When I drink even a single shot of coffee I get a 20 minute rush of euphoria and hyper focus, then I get sweaty and scattered, then comes the crushing anxiety and then I get a few hours of low-mood fatigue. For alcohol, the ‘feel good’ curve now seems to come after the ‘feel bad’ curve, so I just feel tired, sick and withdrawn before I get any of the fun stuff that alcohol promises.
In the winter here in the UK we don’t get many daylight hours, and those that we do get are often hidden behind thick grey clouds for weeks on end. I’m sensitive to this and experience what I assume is Seasonal Affective Disorder. My life is reliably most subjectively terrible around January and February, but if I fly south to somewhere sunny then my entire life outlook shifts within 24 hours.
And, finally, even when I eat a healthy diet, exercise regularly and sleep at sensible times, there seem to be random days when things are great and random days when they are not. I assume nutrition and sunlight are implicated here, but I’m still experimenting.
These sensitivities have actually increased with age, but I think they were always there and my youth just hid them somewhat. All this means is that I have developed a strong tendency to tinker with my environment, with what I put into and with what I do with my body.
Keto is annoying, restrictive and means I have to deny myself certain pleasures (like cake). But is it more annoying than seeing my life drift by in a distant, anxious, low-energy haze? No it is not.
I am extremely aware of my qualia and I know that my qualia are malleable.
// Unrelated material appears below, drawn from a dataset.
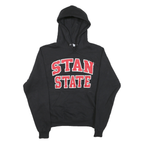 CHAMPION Mens Black Stan State Pullover Hoodie XS Cotton Blend Casual Sportswear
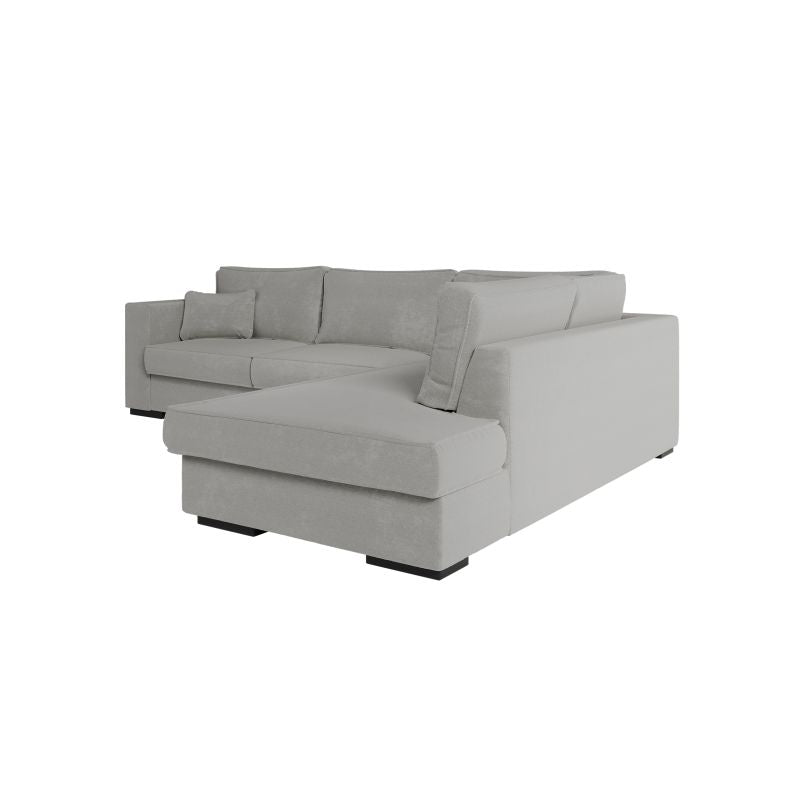 BALAGA - Canapé d'angle XXL 4 places en tissu - Gris clair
My belief is that the default qualia mode should be clear, happy, exploratory and energetic; if it’s not then there is some kind of dysfunction in the system. If that dysfunction can be resolved, say by eating a nutritious, non-harmful diet, by moving a lot, by being in the sun a lot, by sleeping consistently well, then those qualia will emerge.
I confess that having to do so much work to notice, decipher and resolve the dysfunction is frustrating, but it is what it is. I shall keep going. I want those good qualia.